Brown's Clowns - The History of a B17 Bomber Crew Page 5

by Bud Vieth

Lt. William Titley

Bill Titley had joined our crew on our seventh mission -- to Cologne on October 15, 1944 -- after Joe Dye had been hospitalized during our days of lead crew training at the 95th Bomb Group. At the time, Titley had already logged twelve missions, so he completed his thirty-mission tour of duty on the Brown crew's Mission 25 to Kassel. Our bombardier on the Brown crew's last five missions was Maj. Don Ventriss, the Group bombardier.

Mission 26. February 17. 1945 - Frankfurt Germany.

B-17 #696. Original target a jet engine plant but had to divert to the marshalling yards. "During assembly, 'the weather had been so bad, that several planes were obliged to jettison their bombs after the controls froze up."'Century_Bombers, p. 183.

Mission 27. February 20 1945 - Nurnburg, Germany.

Bombed marshalling yards. Brown crew again led entire Eighth Air Force. Vieth in hospital -- crew had substitute radio operator on this mission.

"On the 20th, the First and Third Divisions, were dispatched to Nurnburg, where the   Hundredth attacked the station and marshalling yards with 'good results."'

"'The target was Pathfinder and the weather stinko. Got flak at front lines--flak over the   target was light. Flak again as we crossed lines on the way out. We lost most of our   Squadron on the way out because of bad weather and everyone came back alone. Stayed   on course all the way back and split over the Field. If the target had been visual, we   would have had it because our ground speed was 120 K. Flying time 9 hours. Results   good."' Century Bombers, pp. 183-84.

Mission 28. February 23 1945 - Treuchtlingen, Germany.

Marshalling yards again. Vieth still in hospital. Brown crew led A Squadron with Maj. Ventriss  as bombardier.

"On the 23rd, the heavies set out for the enemy's marshalling yards, although several   groups were obliged to look elsewhere."
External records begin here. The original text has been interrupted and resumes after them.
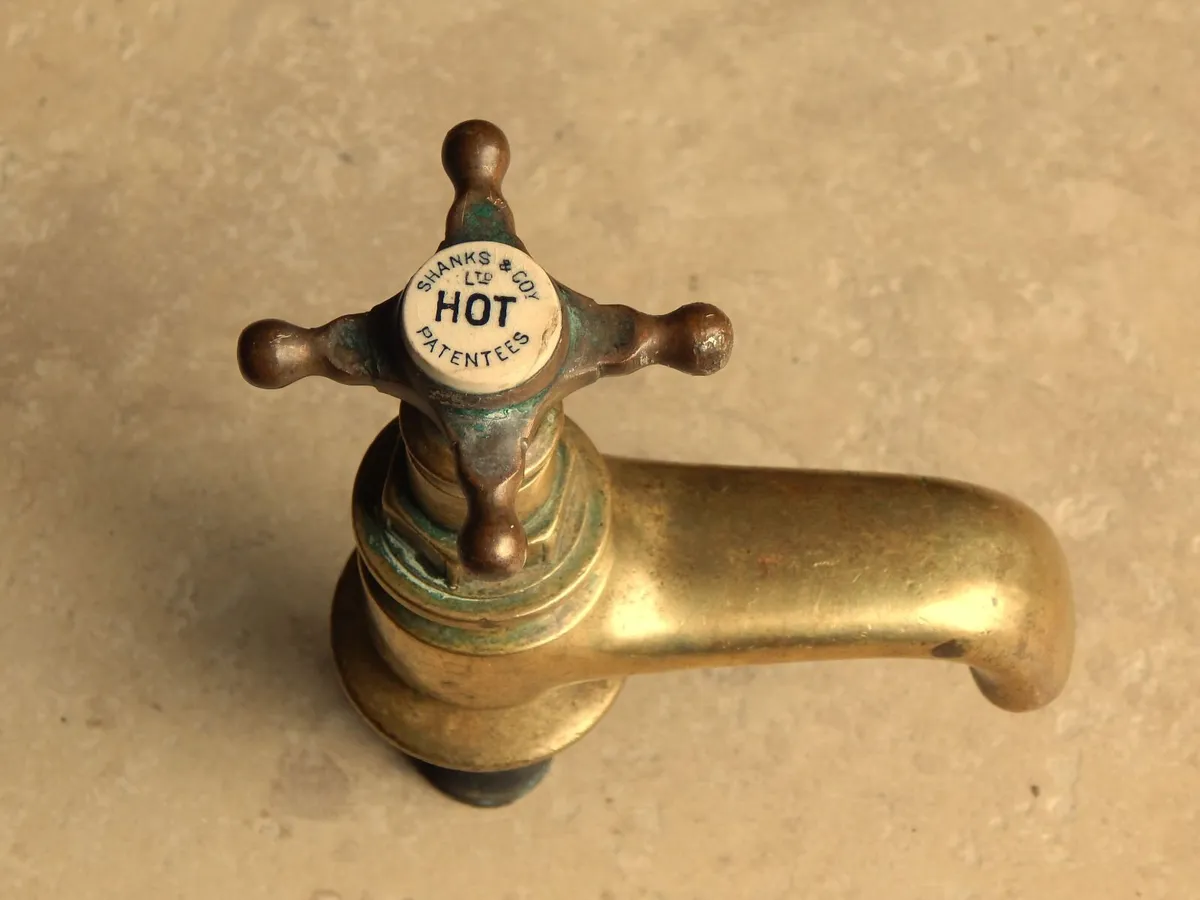 1 Vintage Shanks & Co Brass Bath Tap - Image 3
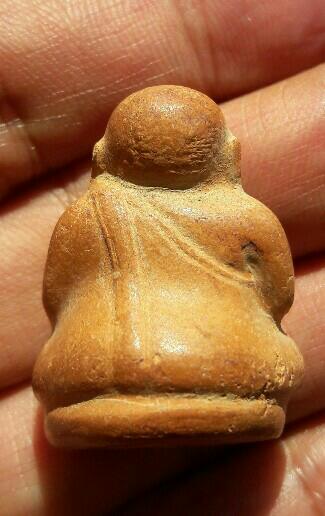 พระสังกัจจายน์ลอยองค์ หลวงพ่อกวย วัดโฆสิตาราม เนื้อดิน อุดกริ่ง จ.ชัยนาท เคาะเดียว  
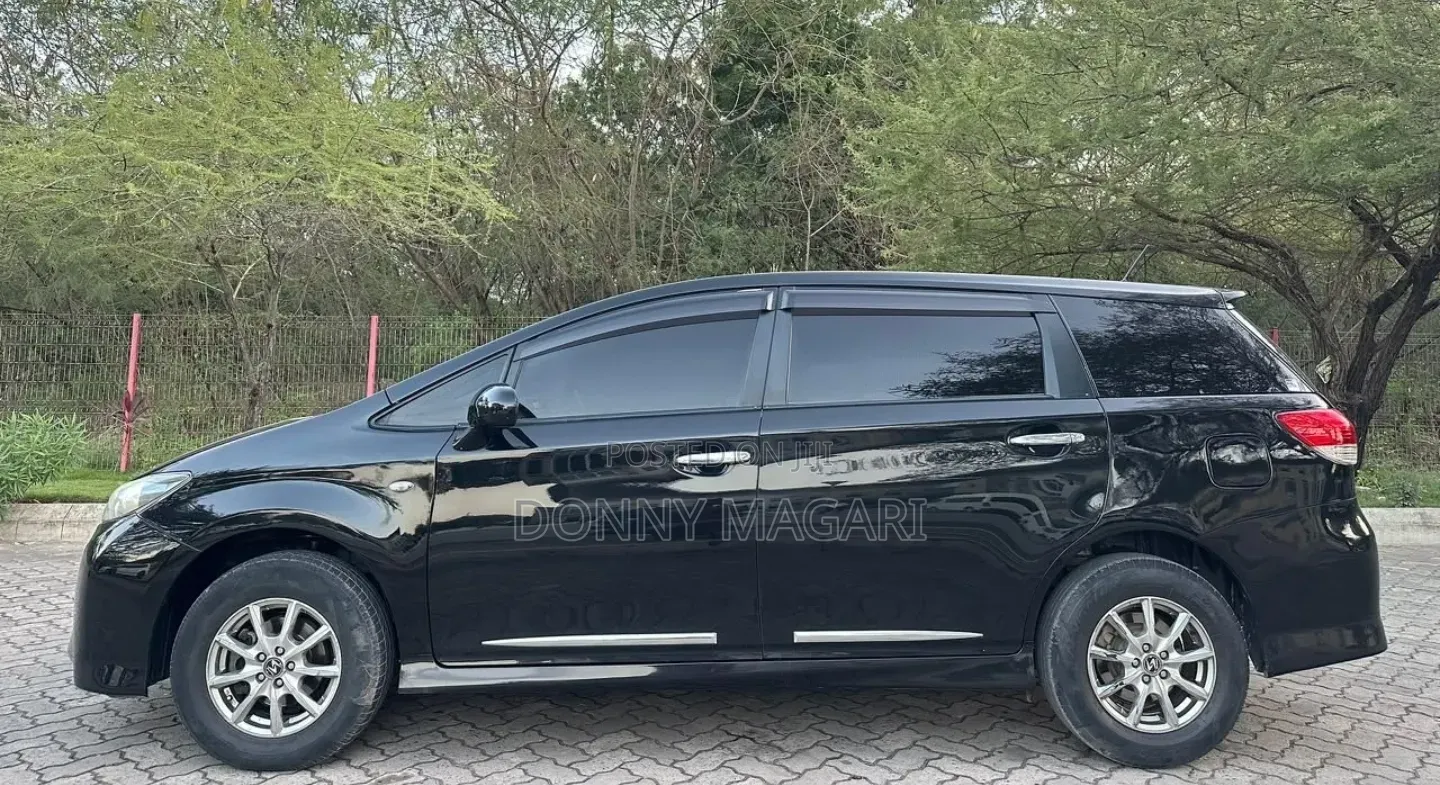 Toyota Wish 2009 Black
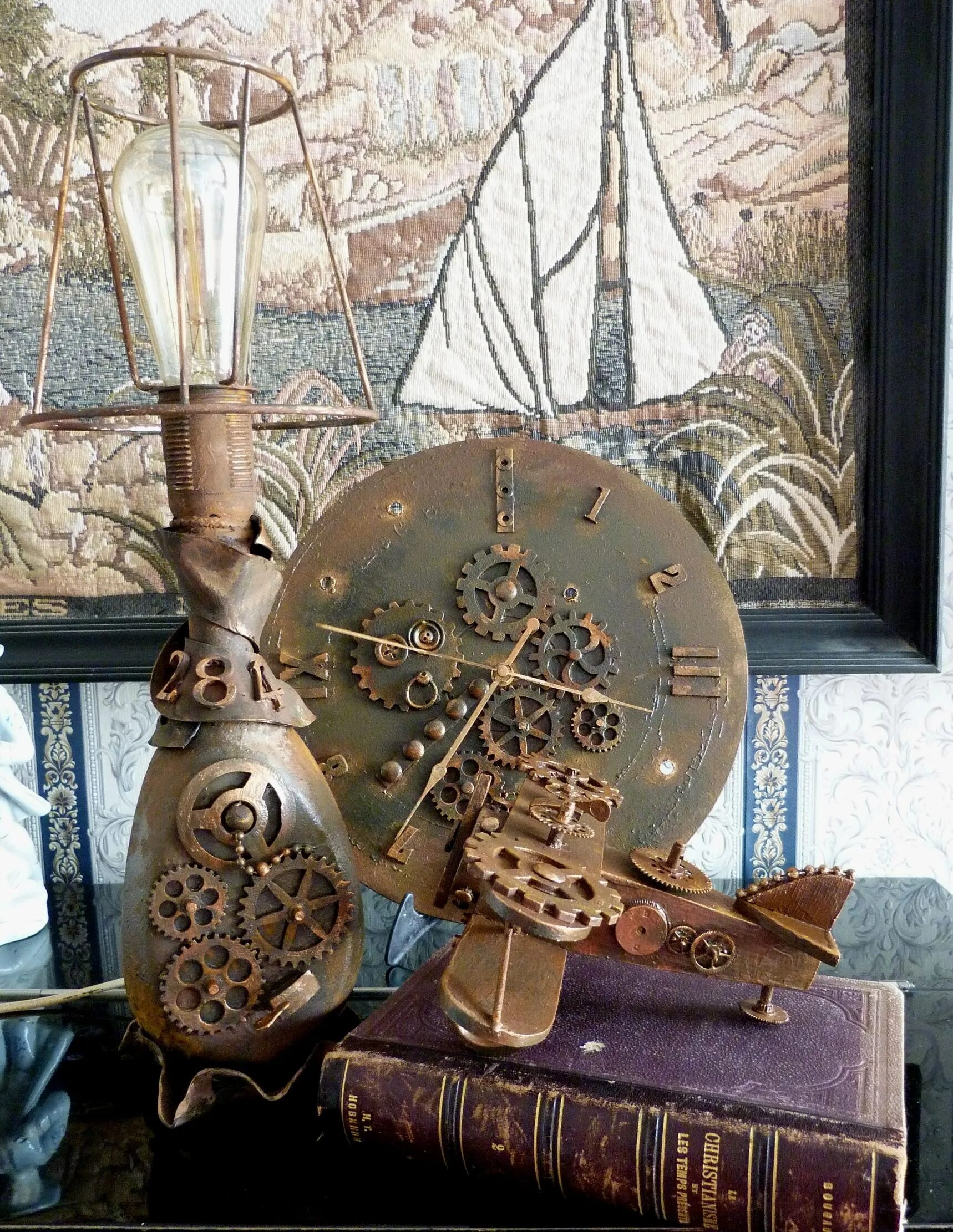 Стимпанк украшения. Мебель в стиле стимпанк. Предметы интерьера в стиле стимпанк. Предметы интерьера в стиле стимпанк. Календарь в стиле стимпанк.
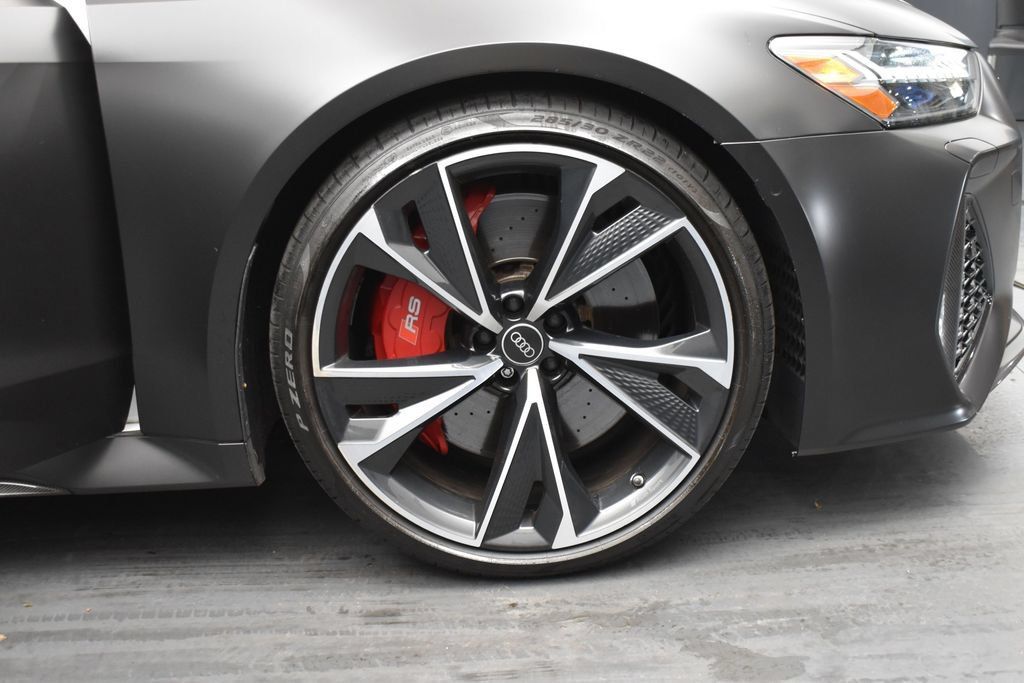 Used 2021 Audi RS 7 Sportback w/ Carbon Optic Package AWD/4WD image 5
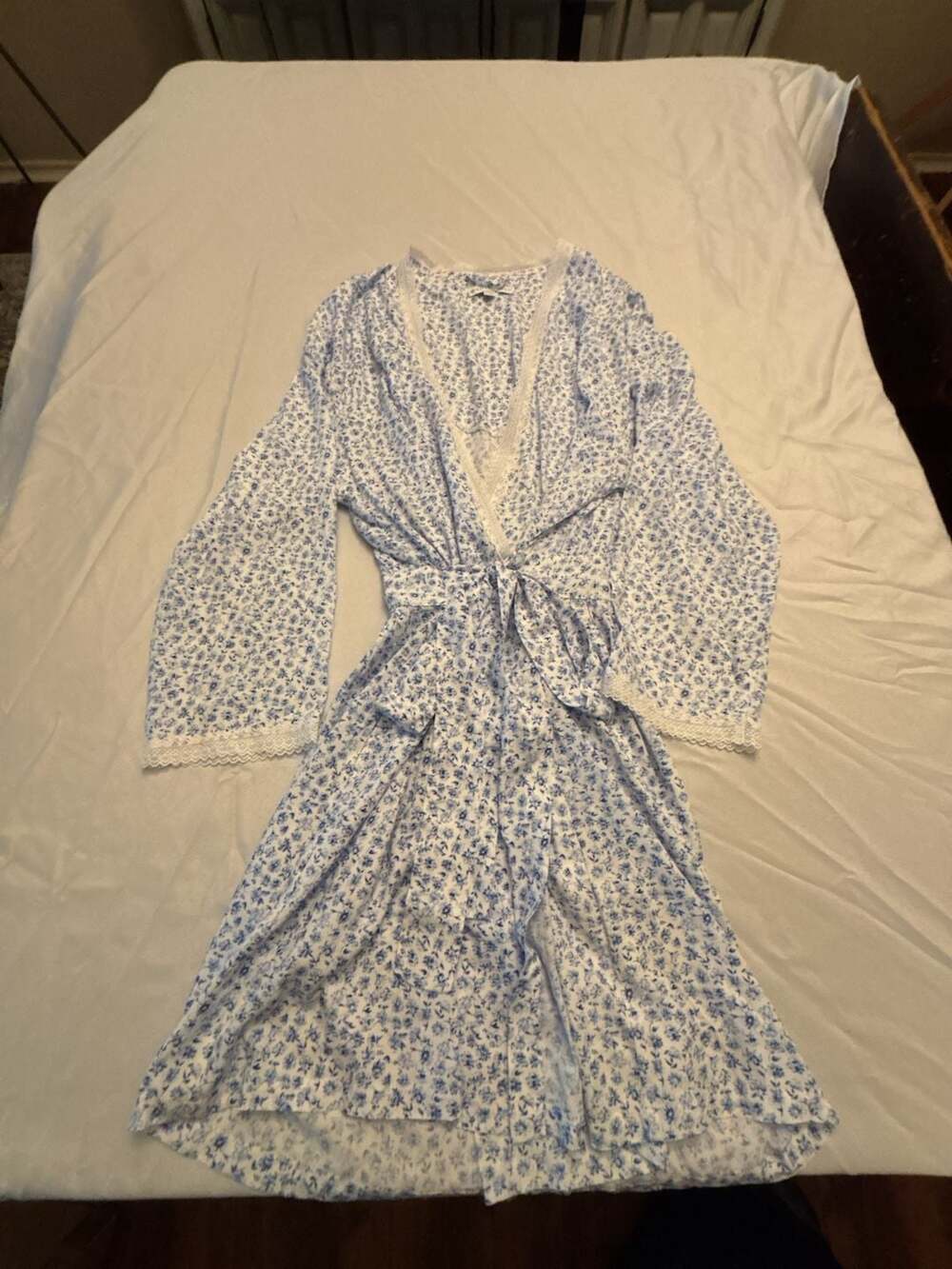 Eileen West Blue Floral Lace Trimmed Robe L/XL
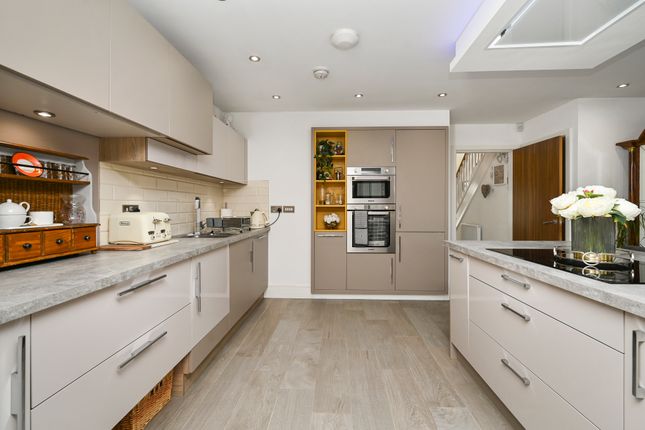 83, Shiel Hall Crescent, Rosewell photo 2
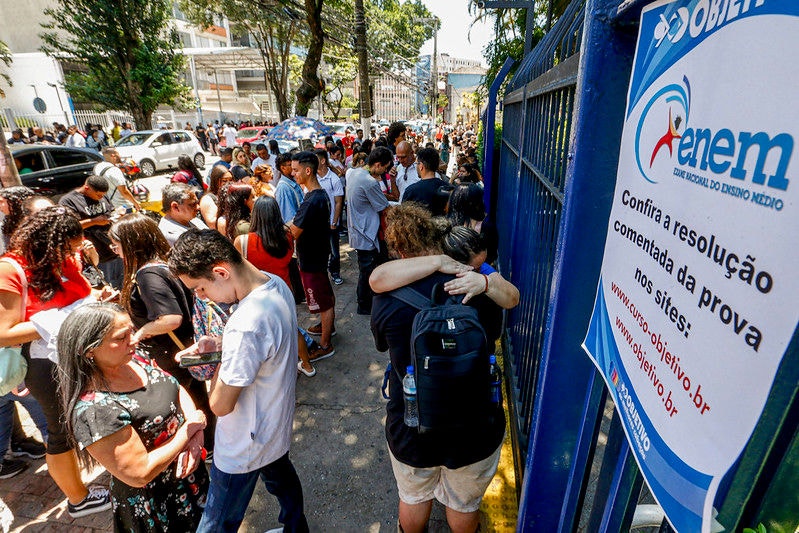 A aplicação das provas do Enem em 2023 ocorreu em todo o país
"The Hundredth, led by Colonel Frederick Price, (Command pilot with the Brown crew)   'visited Treuchtlingen, where Don Ventriss, the Group Bombardier, who flew with "A"   squadron, dropped his load squarely on the rail junction. A commendation from higher   headquarters was forthcoming.' " Century Bombers , pp 184-185.

Walter Peters wrote in his diary; "Bad weather on base on return -- almost collided with another plane -- missed us by twenty-five to fifty feet."

Mission 29. March 3 1945 - Brunswick, Germany.

Once again, Brown crew led the Third Division. Vieth out of hospital and back with the crew. Sky was full of attacking German fighters. Vieth diary notes, "Mostly the new jet propelled jobs."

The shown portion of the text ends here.